I care about what's happening between Israel and Hamas. But it's a little weird for your entire country to be so preoccupied with that conflict that they miss big history changing events happening in their own country. We care more about foreign wars and trans lives than the obvious things that hold our society together.
Tucker used to write for Bill Kristol at the Weekly Standard. He knows exactly what’s up here. Neocons, who control our foreign policy, are precisely focused on other countries and with settling scores from the past in other countries, rather than events in America—except as those events affect their real obsessions.
From my perspective America needs to put its energy on its national cohesion--what does the majority of the country have in common with one another. Let's think through our civic religion: what ties us together.
[If something like the Great Depression happened now] when there is no broad agreement on what it means to be an American, no agreement at all on what we all have in common, I don't think we can withstand it [as we arguably withstood the shock of the Great Depression as a nation]. Actually, I'm not even convinced it matters so much what that civic religion is as it does that we have one. If we don't have anything that ties us together, when that day comes--and you know what I mean, when the economic crisis comes, cuz it's coming--what's that going to look like? It's going to be very scary. So that's what I'm most worried about by far.
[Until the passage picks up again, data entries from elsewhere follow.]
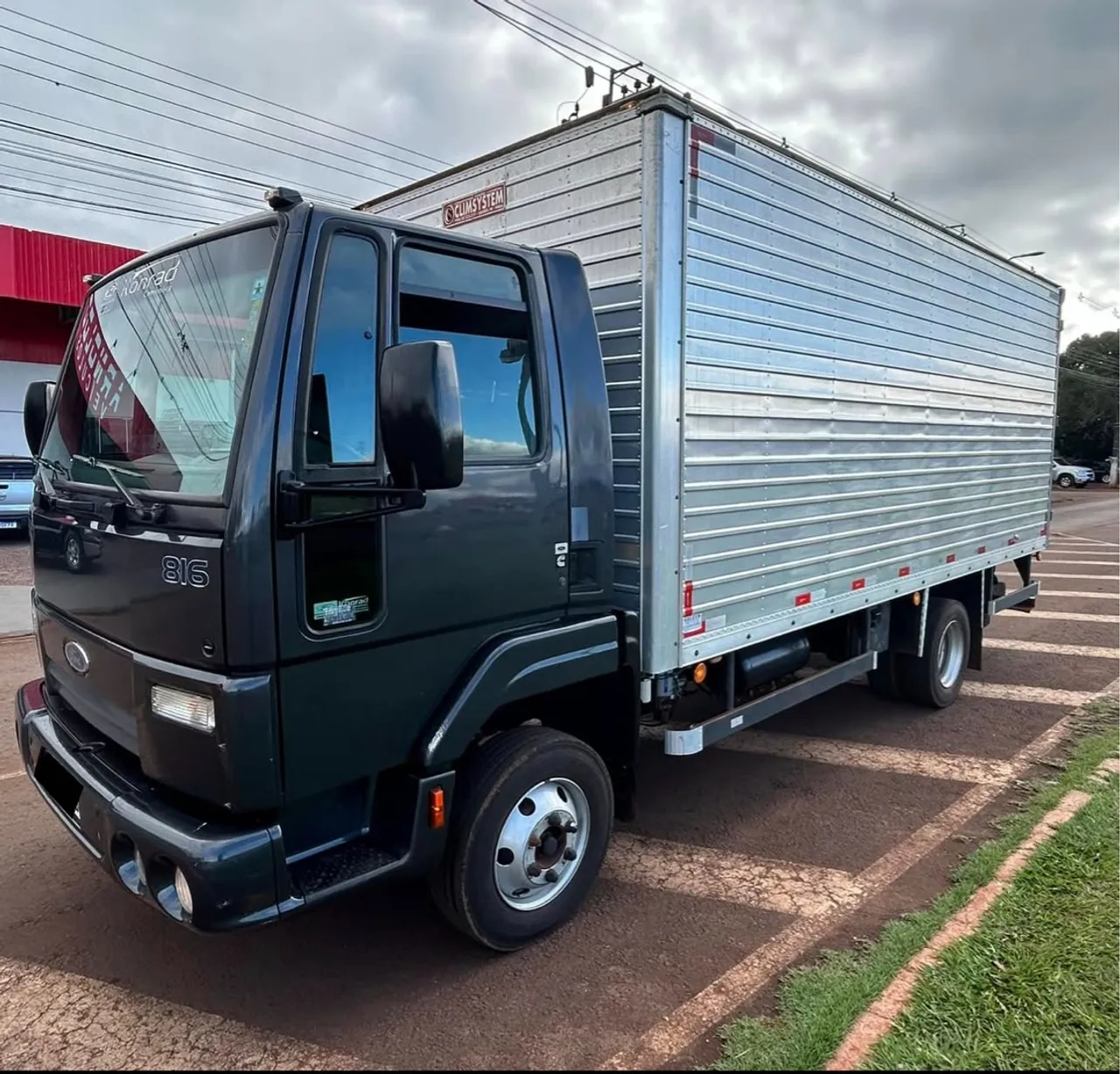 Ford Cargo 816 Baú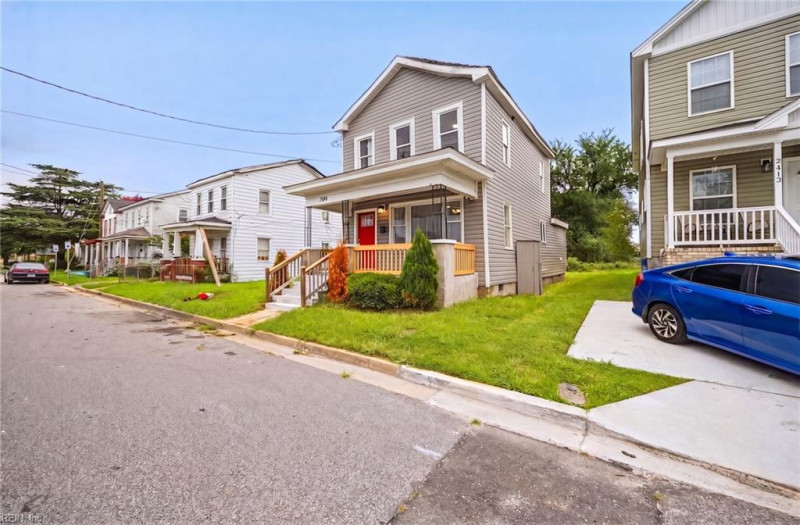 Photo 5 of 36 residential for sale in Portsmouth virginia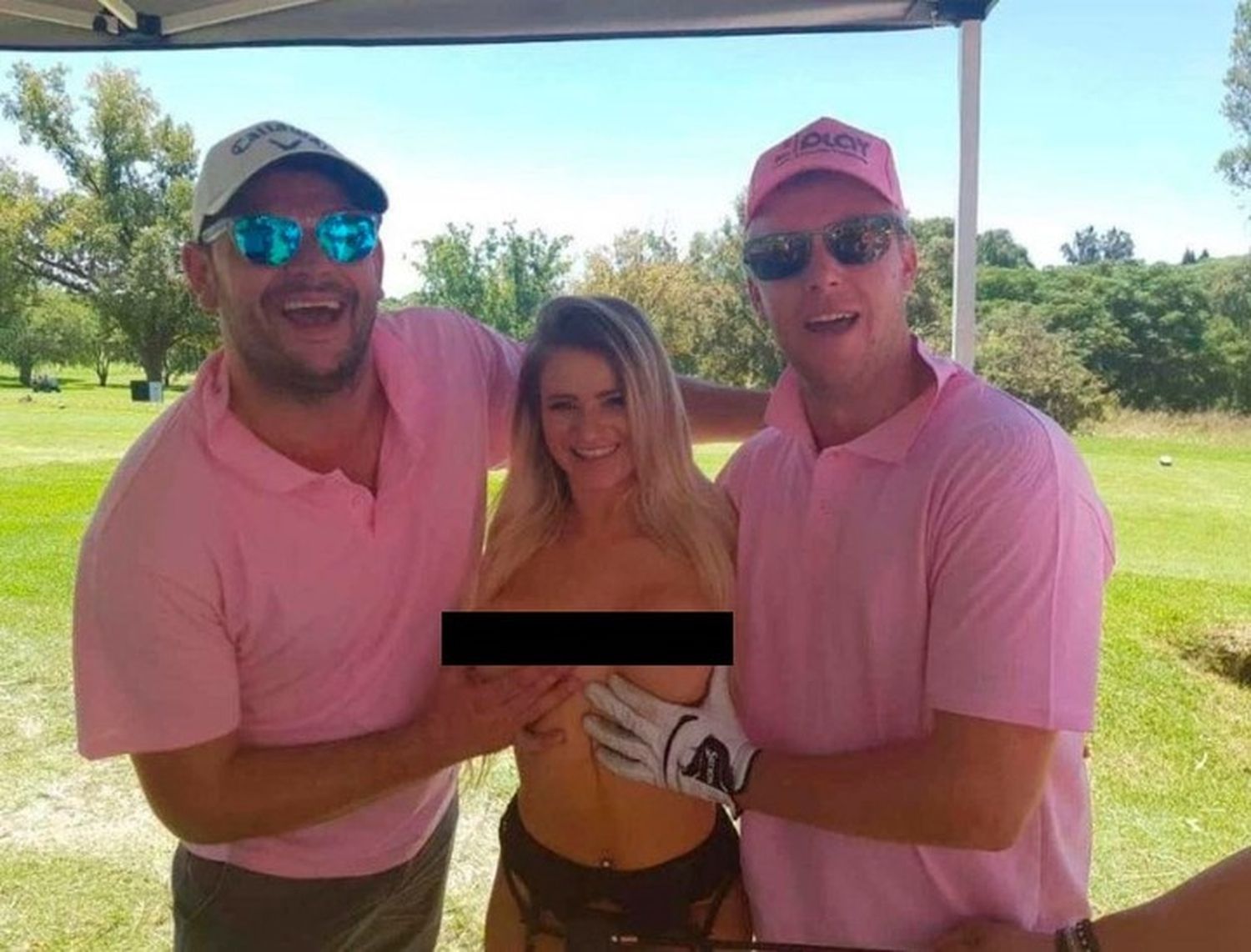 Indignación por un torneo de golf con mujeres caddies desnudas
One other thing. We overestimate people's ability to metabolize change. Over time people adapt to their environment but the world didn't change that much from the sacking of Rome until the Renaissance. But the Industrial Revolution to now has been such a massive change that it's driving people insane. People can't handle relentless change, but technologists love relentless change.
Relentless change of the sort Tucker is describing tends to set people adrift, leave them to rely on their personal resources without the support of societal institutions that “civic religion” nurtures. This, I believe, is at the root of our current crisis in our culture. I wish I could be as optimistic as Tucker’s friend, but America is now a deeply divided country with a ruling class that is relentlessly hostile to what remains of our civic religion. It doesn’t bode well. I wonder what Trump makes of Tucker’s concerns? Is that part of MAGA? I think, in his own way, less articulate than Tucker’s, Trump shares those concerns about America’s failure, its lack of a civic religion that unites.
Regarding Tucker:
https://www.wsj.com/business/media/tucker-carlson-is-launching-his-own-streaming-service-5fc2f9ba?mod=djemalertNEWS
“I wish I could be as optimistic as Tucker’s friend, but America is now a deeply divided country with a ruling class that is relentlessly hostile to what remains of our civic religion.”
We aren’t voting our way out of this mess. Even when we manage to place into office someone who promises reform he is often corrupted by the system he went there to reform. I don’t have an answer for how to fix this problem other than for Americans to repent, get back to God, and start focusing on things that matter. Far too much national energy is tied up in war, and appeasing small minorities of deeply disturbed people.